## [TASK INSTRUCTIONS]
Shown below are entries with pictures; the line with "map of restaurants, bars, coffee" through the line with "Gucci Eyewear Engraved" is the span to retype exactly, and the pictures stay out.

## [INPUT MATERIAL]
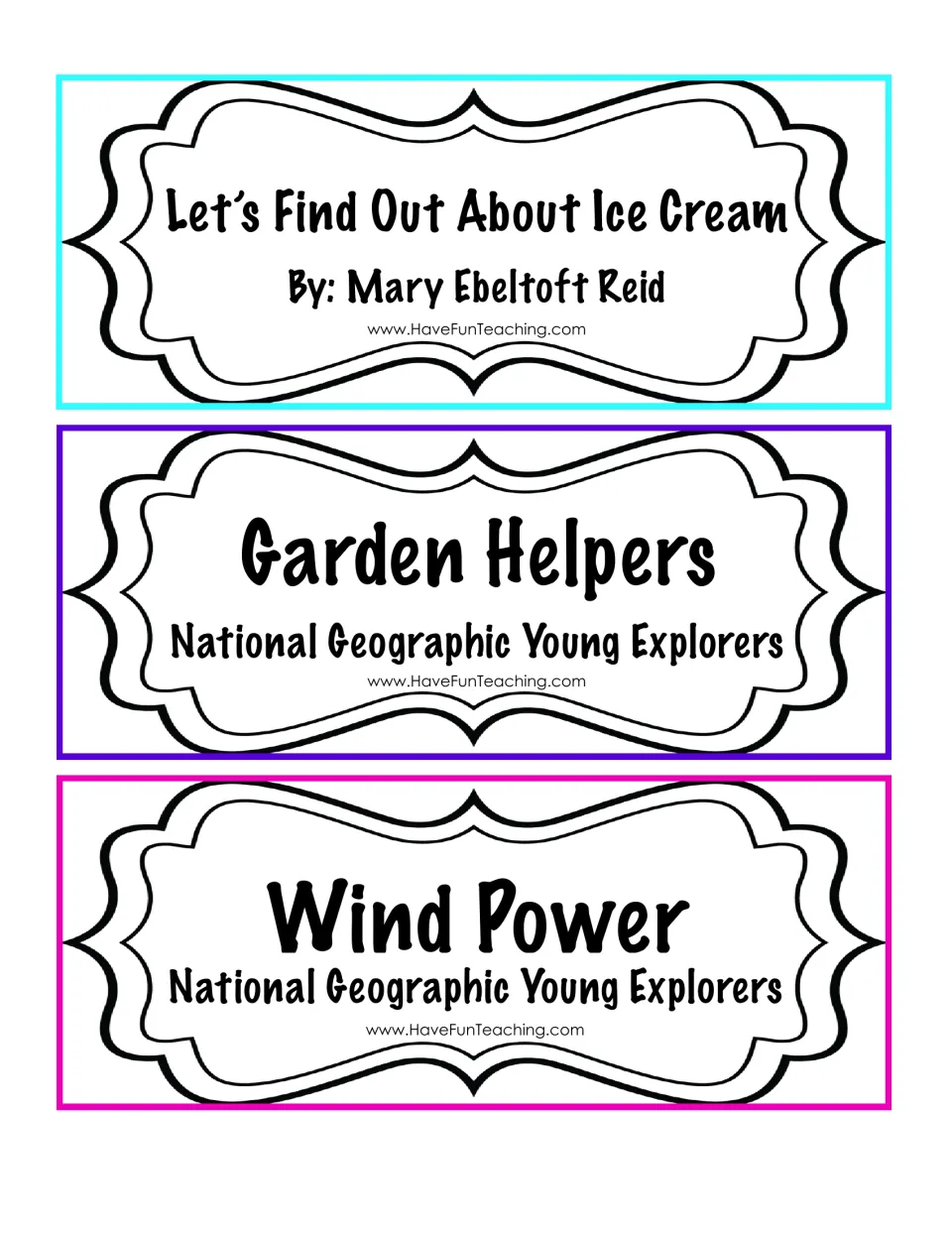 Book-selection cards 7–9: Let’s Find Out About Ice Cream, Garden Helpers, and Wind Power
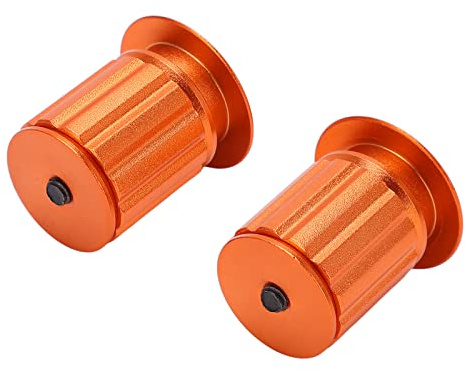 Tapones de Extremo de Barra de Bicicleta Puños de Manillar de Bicicleta de Aluminio para Bicicleta de Carretera de Manillar de Bicicleta de 18-20 Mm / 0,7-0,8 Pulgadas(Naranja)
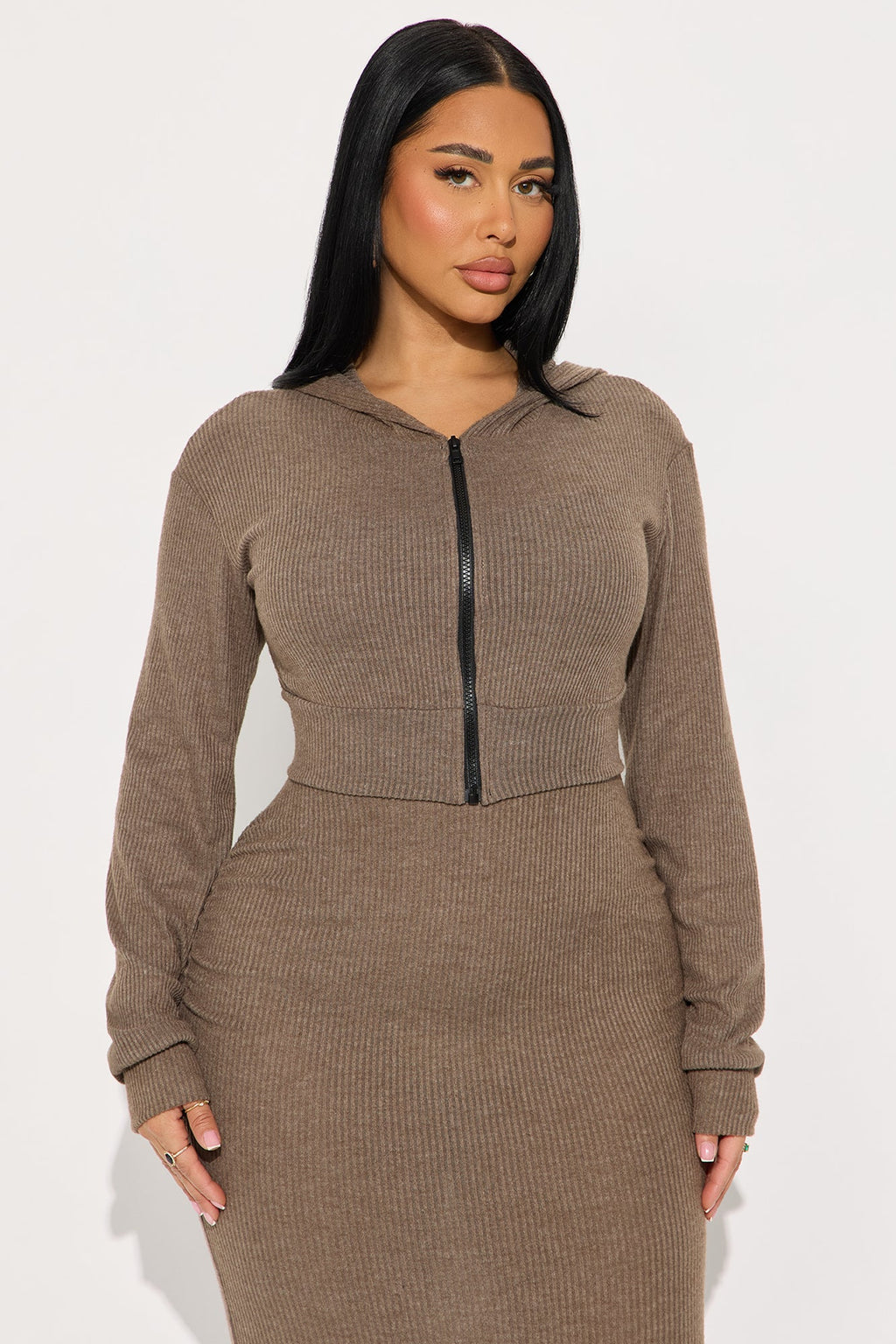 Azusa 2 Piece Zip Up Maxi Dress Set - Mocha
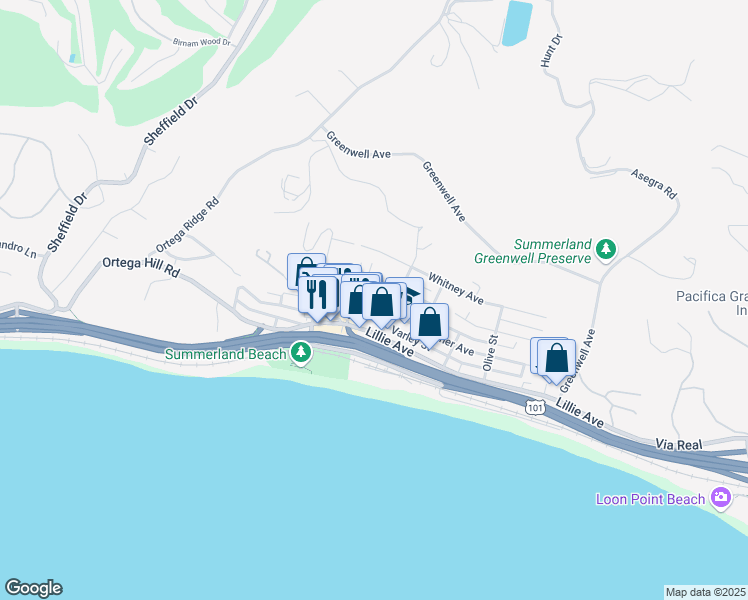 map of restaurants, bars, coffee shops, grocery stores, and more near 2320 Banner Avenue in Summerland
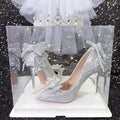 Crystal Bow Stiletto Heels – Women's Bridal Wedding Pumps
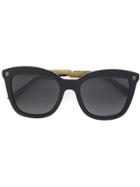Gucci Eyewear Engraved Gold-tone Sunglasses - Black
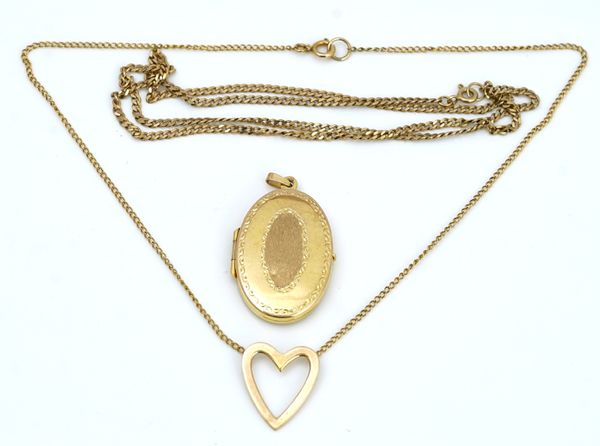 A 9ct gold heart pendant necklace and two further items (3)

## [SOLUTION TO THIS TASK]
 map of restaurants, bars, coffee shops, grocery stores, and more near 2320 Banner Avenue in Summerland
 Crystal Bow Stiletto Heels – Women's Bridal Wedding Pumps
Gucci Eyewear Engraved Gold-tone Sunglasses - Black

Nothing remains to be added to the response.